Ebenso wurden mit breiter Mehrheit in der Fassung eines Abänderungsantrags von ÖVP und Grünen eine Novelle zum Ökostromgesetz und KWK-Gesetz angenommen, mit der die Inbetriebnahmefristen für geförderte Ökostromanlagen erstreckt werden. Damit sollen coronabedingte Verzögerungen berücksichtigt werden. Die SPÖ stimmte der Novelle nicht zu. Sie hatte einen eigenen Abänderungsantrag eingebracht, der jedoch keine Mehrheit fand.

Den Bericht zu Energieverbrauch und Energieeffizienz für das Jahr 2019 nahmen die Abgeordneten einstimmig zur Kenntnis.

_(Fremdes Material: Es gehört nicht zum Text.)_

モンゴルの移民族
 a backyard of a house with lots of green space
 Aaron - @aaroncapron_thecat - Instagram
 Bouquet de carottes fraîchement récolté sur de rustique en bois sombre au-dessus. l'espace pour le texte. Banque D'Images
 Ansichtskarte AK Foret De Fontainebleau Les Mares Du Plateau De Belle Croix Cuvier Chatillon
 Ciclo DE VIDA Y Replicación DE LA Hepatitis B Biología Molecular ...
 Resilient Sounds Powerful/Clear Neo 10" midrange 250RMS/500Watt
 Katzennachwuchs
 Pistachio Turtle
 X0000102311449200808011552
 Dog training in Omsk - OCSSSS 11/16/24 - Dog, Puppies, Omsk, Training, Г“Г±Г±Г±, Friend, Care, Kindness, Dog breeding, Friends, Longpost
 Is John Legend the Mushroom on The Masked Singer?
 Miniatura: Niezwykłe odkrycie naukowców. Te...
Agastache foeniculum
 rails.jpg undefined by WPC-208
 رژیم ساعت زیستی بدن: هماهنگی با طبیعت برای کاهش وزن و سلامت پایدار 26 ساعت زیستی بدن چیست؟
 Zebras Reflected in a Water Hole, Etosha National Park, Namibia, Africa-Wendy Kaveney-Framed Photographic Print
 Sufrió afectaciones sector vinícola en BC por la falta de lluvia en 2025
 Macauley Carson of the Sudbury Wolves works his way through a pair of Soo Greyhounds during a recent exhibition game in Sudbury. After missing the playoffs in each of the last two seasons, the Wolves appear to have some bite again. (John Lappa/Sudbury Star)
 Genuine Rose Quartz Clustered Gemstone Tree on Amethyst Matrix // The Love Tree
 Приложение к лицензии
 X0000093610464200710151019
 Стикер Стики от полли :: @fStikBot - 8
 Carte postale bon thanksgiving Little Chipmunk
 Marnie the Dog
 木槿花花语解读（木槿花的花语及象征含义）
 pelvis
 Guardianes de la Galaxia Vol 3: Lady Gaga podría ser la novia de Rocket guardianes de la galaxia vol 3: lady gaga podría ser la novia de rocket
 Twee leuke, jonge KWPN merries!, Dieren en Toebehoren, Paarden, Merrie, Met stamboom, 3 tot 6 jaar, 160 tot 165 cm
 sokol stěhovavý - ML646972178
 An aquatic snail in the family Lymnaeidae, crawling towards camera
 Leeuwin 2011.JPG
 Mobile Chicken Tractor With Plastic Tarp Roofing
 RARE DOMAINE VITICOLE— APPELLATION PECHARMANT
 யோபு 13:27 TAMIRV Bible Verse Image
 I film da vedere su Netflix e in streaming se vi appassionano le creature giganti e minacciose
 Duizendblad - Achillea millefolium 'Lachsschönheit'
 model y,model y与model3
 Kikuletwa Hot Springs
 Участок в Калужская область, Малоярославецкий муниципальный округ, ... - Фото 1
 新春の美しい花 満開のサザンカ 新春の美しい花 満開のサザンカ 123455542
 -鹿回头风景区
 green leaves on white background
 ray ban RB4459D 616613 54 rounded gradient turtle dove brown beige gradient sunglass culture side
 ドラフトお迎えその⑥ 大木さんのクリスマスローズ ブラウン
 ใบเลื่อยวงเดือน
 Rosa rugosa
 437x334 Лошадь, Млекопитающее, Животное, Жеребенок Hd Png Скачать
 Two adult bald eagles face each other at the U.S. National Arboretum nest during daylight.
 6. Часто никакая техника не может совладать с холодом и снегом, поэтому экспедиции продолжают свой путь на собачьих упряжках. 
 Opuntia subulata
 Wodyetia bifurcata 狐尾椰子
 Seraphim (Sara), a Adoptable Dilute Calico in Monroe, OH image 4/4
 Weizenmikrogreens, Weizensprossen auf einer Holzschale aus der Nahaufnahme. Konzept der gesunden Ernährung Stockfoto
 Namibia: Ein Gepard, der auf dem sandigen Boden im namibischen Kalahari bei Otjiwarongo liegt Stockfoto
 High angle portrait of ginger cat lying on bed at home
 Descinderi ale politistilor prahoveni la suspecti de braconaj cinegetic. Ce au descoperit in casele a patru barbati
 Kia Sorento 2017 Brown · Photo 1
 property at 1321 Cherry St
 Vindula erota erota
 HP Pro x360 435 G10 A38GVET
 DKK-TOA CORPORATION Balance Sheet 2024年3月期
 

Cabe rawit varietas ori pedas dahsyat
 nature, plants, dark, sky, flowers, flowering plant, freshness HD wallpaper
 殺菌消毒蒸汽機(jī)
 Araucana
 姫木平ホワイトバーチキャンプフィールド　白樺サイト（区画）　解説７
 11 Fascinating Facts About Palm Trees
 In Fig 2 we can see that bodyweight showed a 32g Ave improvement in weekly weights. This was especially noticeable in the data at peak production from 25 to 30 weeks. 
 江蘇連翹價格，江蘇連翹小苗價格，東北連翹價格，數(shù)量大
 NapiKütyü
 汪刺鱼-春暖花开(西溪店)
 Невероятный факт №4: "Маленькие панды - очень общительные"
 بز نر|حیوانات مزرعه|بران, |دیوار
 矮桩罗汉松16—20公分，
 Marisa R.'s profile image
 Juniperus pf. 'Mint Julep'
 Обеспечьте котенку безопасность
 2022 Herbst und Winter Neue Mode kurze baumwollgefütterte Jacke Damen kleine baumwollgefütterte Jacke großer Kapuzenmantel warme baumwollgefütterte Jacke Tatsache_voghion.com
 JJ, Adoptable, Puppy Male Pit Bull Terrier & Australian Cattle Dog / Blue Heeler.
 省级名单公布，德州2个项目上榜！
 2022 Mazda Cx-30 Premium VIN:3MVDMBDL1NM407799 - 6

Mehrere Anträge der SPÖ zu Energiethemen wurden mit der Mehrheit von ÖVP und Grünen im Ausschuss vertagt.

Netzreserve soll Stromversorgung absichern

Mit Mehrheit passierte eine Regierungsvorlage den Ausschuss mit Bestimmungen zur Neuregelung der Netzreserve, die den sicheren Betrieb des Stromnetzes gewährleistet (471 d.B.). Hintergrund ist, dass im österreichischen Stromnetz zunehmend Netzengpässe entstehen. Eine Novelle zum Elektrizitätswirtschafts- und -organisationsgesetz soll nun laut Bundesministerin Leonore Gewessler den dynamischen energiewirtschaftlichen Veränderungen effizient und kostengerecht Rechnung tragen. Vor allem sollen erneuerbare Energien in Zukunft für die Netzreserve eine größere Rolle spielen, betonte die Ministerin. Auf verschiedenen Ebenen würden ökologische Kriterien berücksichtigt und für die Netzreserve Erzeugungsanlagen nur dann als geeignet eingestuft werden, wenn ihre Emissionen nicht mehr als 550 Gramm CO2 je kWh Elektrizität betragen und keine radioaktiven Abfälle entstehen.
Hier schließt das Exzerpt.